In the last installments, "State of the art in XML modeling" and "Schema standardization for top-down semantic transparency," I presented an overview of some interesting technologies and techniques for semantic transparency. In this third and final part of the mini-series, I discuss what I think is the most important tool available for semantic transparency. The right sort of schema annotations are very useful on a range of levels, starting with improved documentation. In the first of these articles, I discussed informal schema annotations. The approach I discuss in this article is an important refinement on that idea, which takes advantage of semantic anchors to formalize the annotations. It also builds on another short article on developerWorks, "Use data dictionary links for XML and Web services schemata". I suggest you read these articles before proceeding with this one.
First, however, I want to mention another fine conference I attended recently.
The XTech conference concept is based on the earlier XML Europe conferences, with an added emphasis on browser technologies that complement the XML and semantic technology tracks. In addition, a track and overall theme of open data looks not just at all the neat new technologies for processing XML, but also at how people and organizations are making data freely available to the world in order to open up entirely new applications and sources of added value.
XTech 2005 was held in Amsterdam (the same venue as XML Europe 2004, and the likely venue for the 2006 conference as well) from May 25th through 27th. The conference has always been one of my favorites, with a high concentration of fresh thinking and practical application in markup technologies. The browser and open data tracks added a great deal of energy to the proceedings, as did organizer Edd Dumbill's creative work in building an atmosphere of collaboration around the conference. There was a conference Wiki (for public notes) and an IRC channel (for public chatting). Edd also put some popular uses of XML technology to good use by hosting Planet XTech, a metadata-driven aggregation of Weblogs and pictures relating to XTech, and by offering the conference schedule in an XML form that people were encouraged to "remix" or process in interesting and useful ways. In a way, this helped fuel all the talk of open data.
Microformats were a big topic of discussion at the conference. These are basically little islands of XML data that are embedded within host formats such as XHTML or RSS. Microformats allow users to mix in information about all sorts of extended concerns, such as calendar information, personal contact information, or picture metadata. One of my favorite talks at the conference discussed a system ponderously named Gleaning Resource Descriptions from Dialects of Languages, or GRDDL, which (among other uses) extracts structured metadata from microformats. GRDDL is an important idea and one I expect to cover in future Thinking XML installments. Despite problems in my own presentation -- the venue's projectors refused to cooperate with my laptop's video drivers -- I learned a lot, had a good time, and most of all was gratified to see yet more evidence of the ever-increasing respect for semantic technologies in the XML sphere (see Resources for more on the XTech Conference).

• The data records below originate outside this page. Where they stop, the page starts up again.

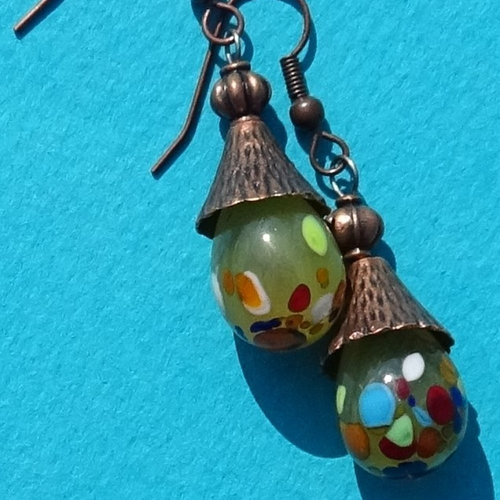 Pendants d'oreille, lampwork, verre filé, perle au chalumeau, bcl.3213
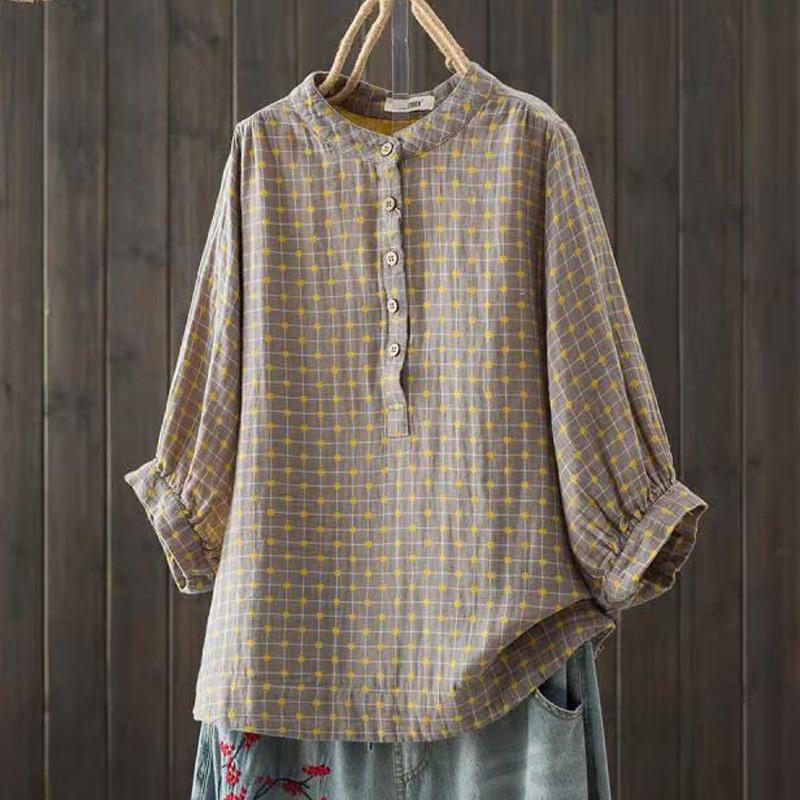 Short-sleeved Double-layer Cotton Yarn Shirt Women's Large Size Pullover Shirt Thin Stand-up Collar Shirt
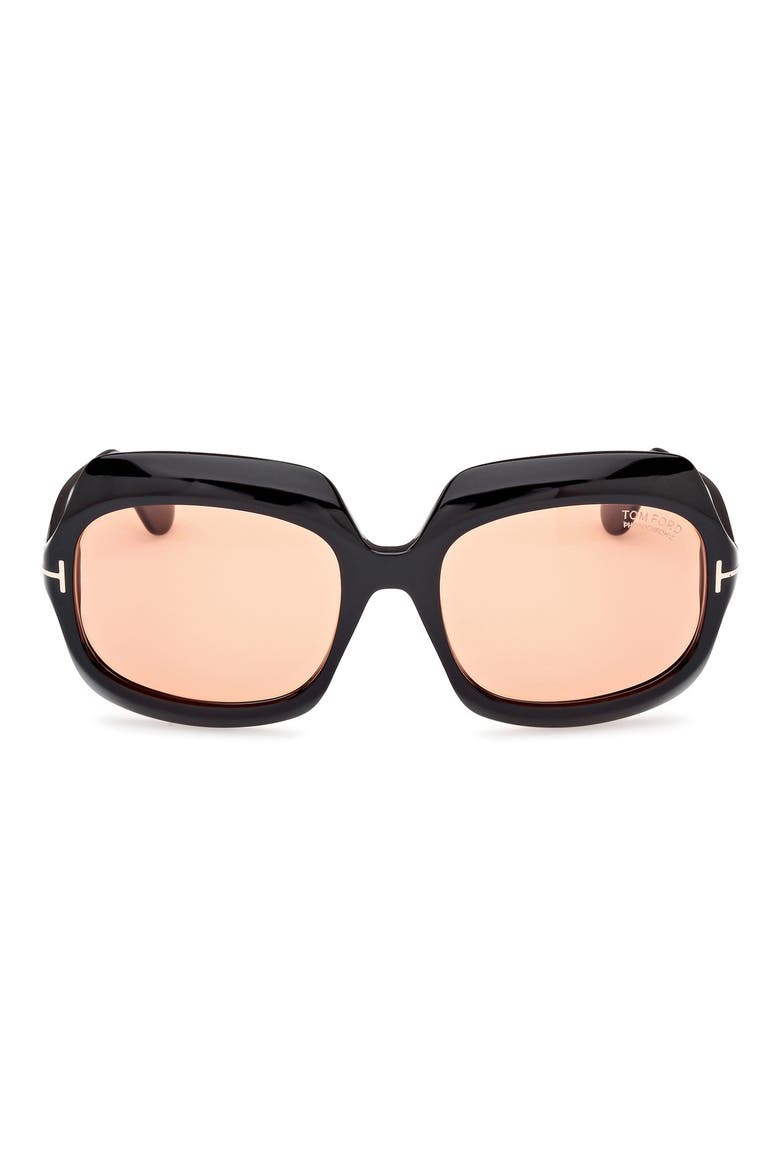 Ren 60mm Geometric Sunglasses, Main, color, BLACK/OTHER / BROWN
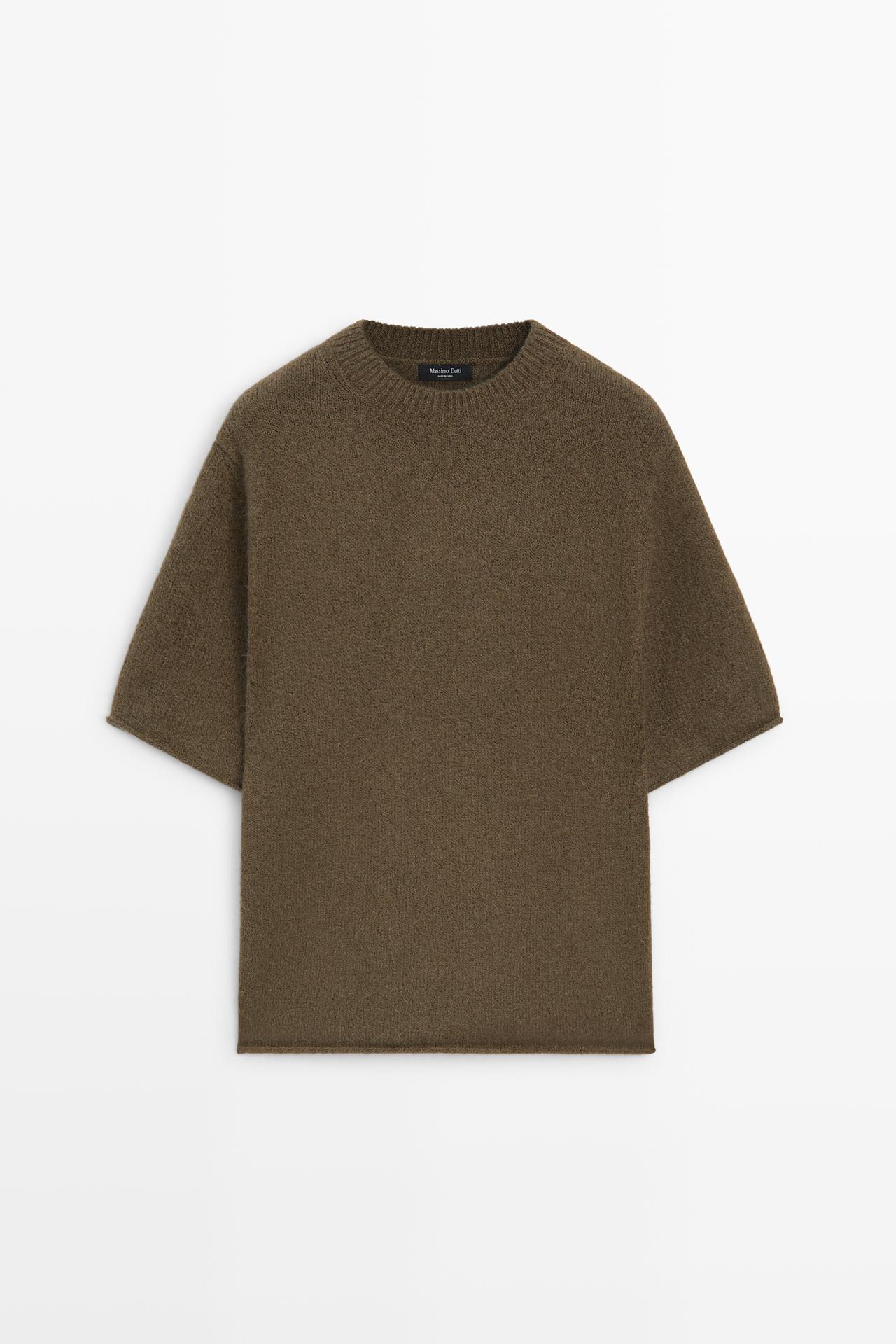 Oversize short sleeve knit sweater — GREENISH
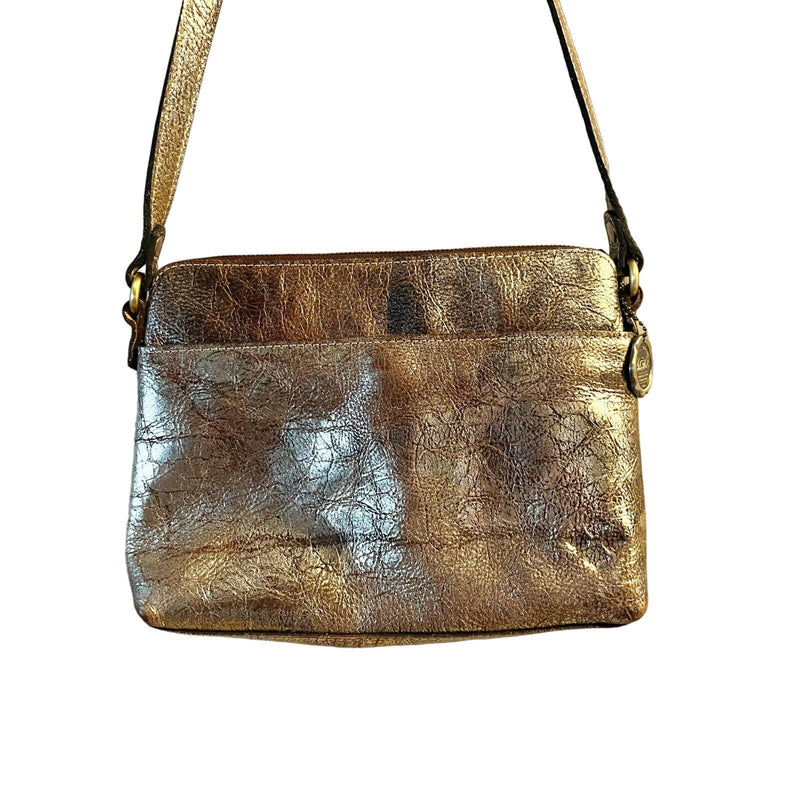 PATRICIA NASH Avellino Crossbody Bag Distressed Metallic Gold Leather Collector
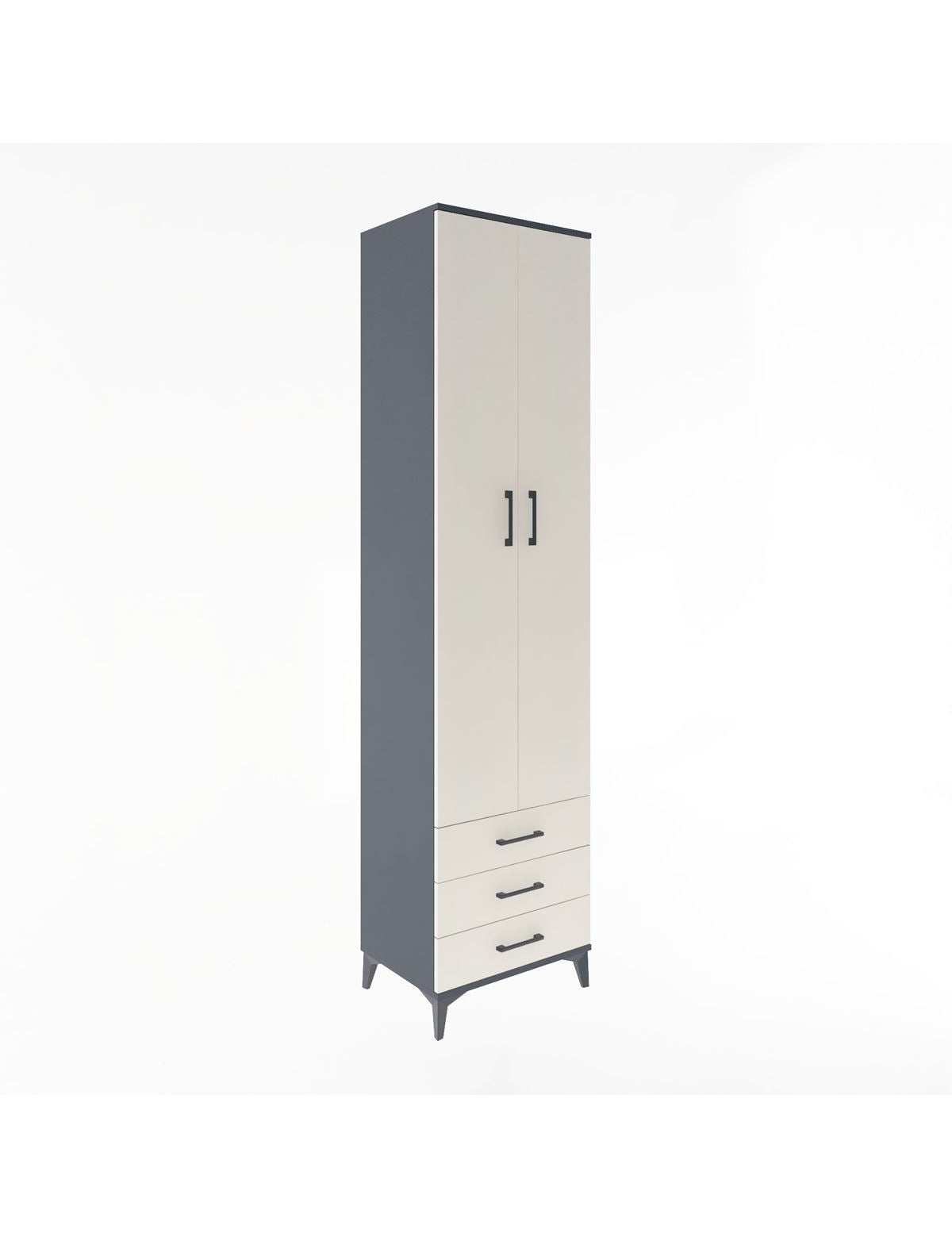 Hyperion Dolap 5 Raflı 3 Çekmeceli 2 Kapaklı 60x44x243 Antrasit-Aytaşı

The key to formalizing schema annotations is to find a good vocabulary resource with a clear set of identifiers for the terms you use. You then write these identifiers (typically URIs) in as the end points of data dictionary links in your schema. Listing 1 is a RELAX NG schema (compact syntax) snippet that includes informal annotations.
Listing 1. Sample RELAX NG schema using informal annotation to provide semantic clues
namespace dc = "http://purl.org/dc/elements/1.1/"
element purchase-order
{
dc:description [ "General purpose purchase order for merchandise" ]
attribute id {
dc:description [ "Unique identifier for the purchase order" ]
text
}
#Rest of the schema here
}
|
This approach is limited. It provides only informal descriptions, which require reading comprehension by people to be of any use. This makes it hard to develop software that can use these annotations to drive decisions about the semantics of the schema. Reflecting this informality, the annotation uses the dc:description element, which is generally a prose account of the resource. To formalize the annotation, I shall switch to a more definitive statement from the OWL Web Ontology Language, so it's clear that I am identifying the schema data elements with a vocabulary term. I'll use WordNet as the vocabulary. WordNet is a database of English words and lexical relationships between them. I've discussed WordNet recently in this column; you can basically use it as a machine-readable dictionary. Listing 2 is based on Listing 1, but uses more formal annotations.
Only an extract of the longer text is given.